Horne’s motion for attorney’s fees is denied.

SHIVERS, J., concurs.

WENTWORTH, J., concurs specially with opinion.

WENTWORTH, Judge,

concurring specially.

I agree with affirmance based on claimant’s prima facie showing of wage loss not based solely on conditions unrelated to his physical impairment. I would, however, construe the appellant’s arguments here as controverting the deputy’s finding of ultimate fact that “any wage loss has not been the result of his compensable injury.” I would note also that Rumph did not excuse claimant from showing in some way that his lack of success in a work search resulted in part from his compensable injury. The opinion rejected only the carrier’s “argument that ‘it was incumbent on the claimant to produce live [sic] testimony to the effect that he was not hired as a result of his compensable injury,’ ” (e.s.) and stated that instead “[t]he cause of incapacity to earn may ... be shown by direct or circumstantial evidence” including an unavailing work search, which may under proper circumstances “meet the statutory requirements for prima facie proof of [wage loss] connection with permanent physical limitation.” The evidence in that case illustrated one of the many ways in which the existence of a physical limitation may contribute to wage loss, the connection there being shown, in part, by prospective employers’ rejection “once they found out about the injury.” 450 So.2d 575, 576.

The decision in Photo Electronics Corp./WPEC v.
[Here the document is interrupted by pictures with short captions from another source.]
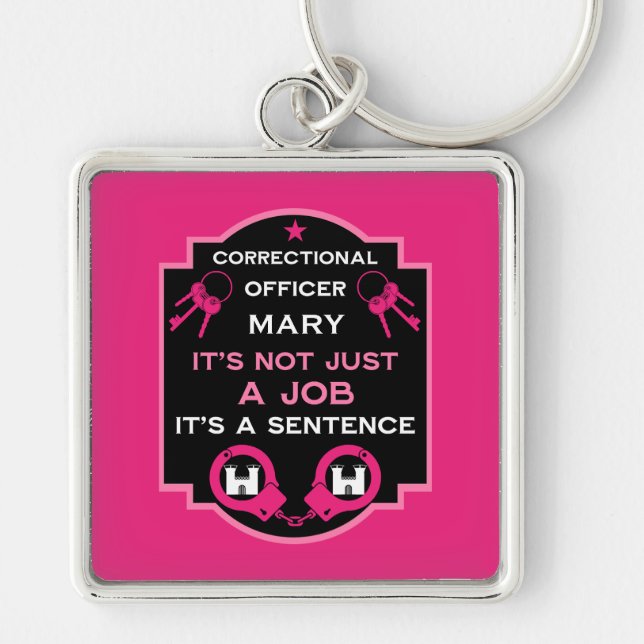 Prison Correctional Officer Key Ring (Front)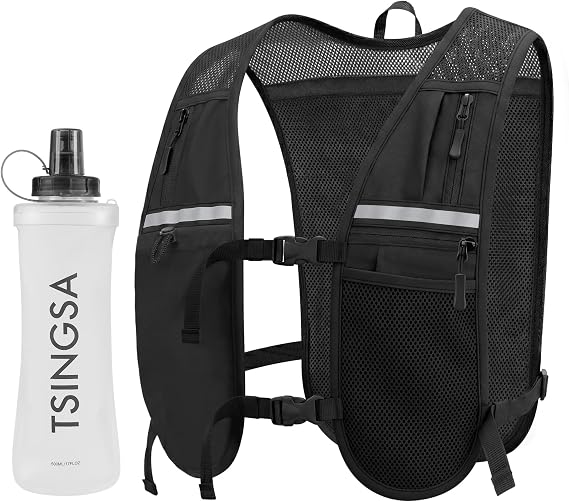 Hydration Backpack, Running Vest with 500ml Water Bottle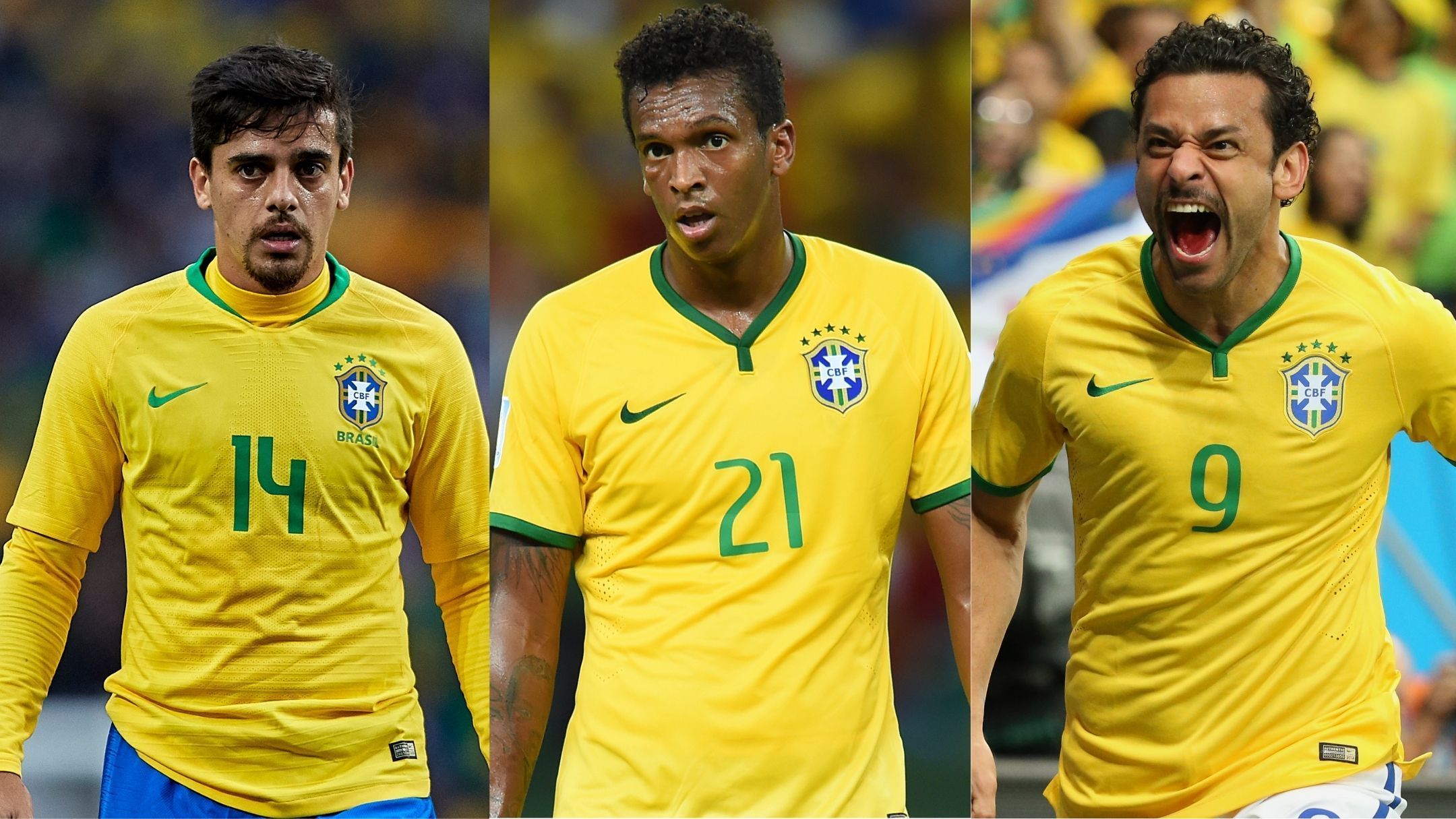 Fagner, Jô e Fred foram alguns dos últimos de representantes de seus respectivos clubes na Seleção na época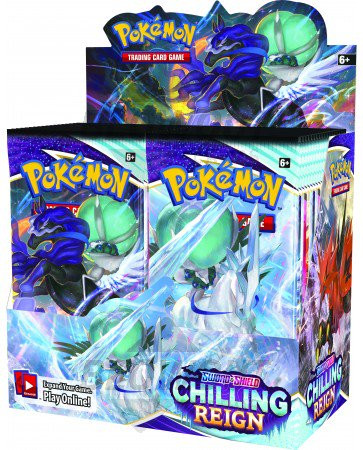 chilling reign booster box stockx Pokemon Sword & Shield Chilling Reign Booster Box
Glide, 432 So.2d 164 (Fla. 1st DCA 1983), was simply that mere lack of success in work search was not relevant to show increased permanent disability from a 1978 injury because causal connection was not shown. In that case the lack of causal relation between claimant’s injury and unemployment was shown by other evidence including claimant’s lengthy unimpaired performance of his original job duties. I find no problem with the opinion’s conclusion in that situation that the “adequacy of a job search becomes relevant only after the initial burden is met,” but that does not in my opinion conflict with Rumph, supra, nor does it preclude meeting that initial burden, i.e. the requirement of prima facie proof of causal connection between injury and wage loss, by evidence of an unavailing work search of the character described in Rumph under the circumstances present there and apparently in the case now before us.